Ayala Peters is a McNair Scholar at U. C. Berkeley and has pledged to put her shoulder to the wheel.  She provides this beautiful reflection on how the Spirit moves us at times not only as a comforter but as a discomforter that urges us to reflect and do better.

In the Church, we are taught that the Spirit is a feeling of warmth and peace and comfort, and we are taught that when we are facing a situation that is wrong or something that does not support our faith, then that Spirit is driven away.

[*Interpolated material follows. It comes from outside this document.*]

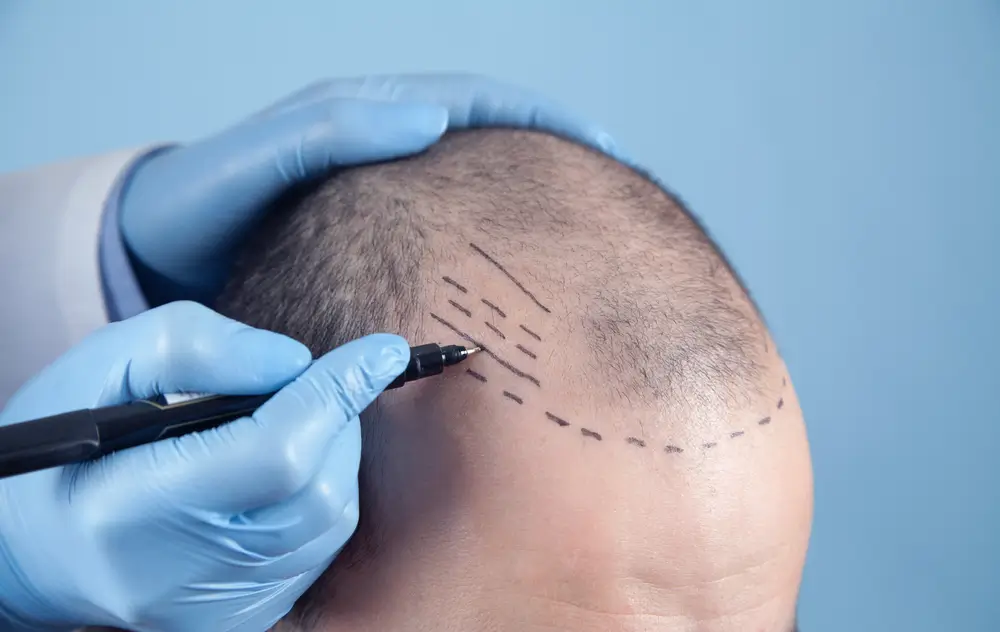 A professional medical team performing a hair transplant procedure in a modern clinic in Turkey. The skilled surgeons are meticulously implanting hair grafts to restore natural hair growth. State-of-the-art equipment and a sterile environment ensure a successful and comfortable experience for the patient.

Although I do believe that the Spirit cautions us from harmful situations, I also believe that expecting the Spirit to always be comfortable and pleasant is very damaging for discussions about treatment of marginalized communities in Church culture.

Discussions on representation of minorities in the Church, the Church’s history with African American communities, the way the Gospel portrays people of color–all of those topics are incredibly hard, uncomfortable, and challenging. They will hit a nerve. However, I believe that this means that we need to think of the Spirit and the way it works in our lives in a more nuanced way. The Spirit is something that prompts us to do what is right, and what is just for others, especially those who have been historically marginalized.

I believe that our calling as modern-day Saints is to listen to the needs and concerns of black and brown Saints in the Church, and work together to make the LDS Church experience as welcoming and relevant to them as it has been to white members. And, to do that, we need to fundamentally change our view of the Holy Spirit, from one that brings us comfort and peace to one that drives us to do what is right.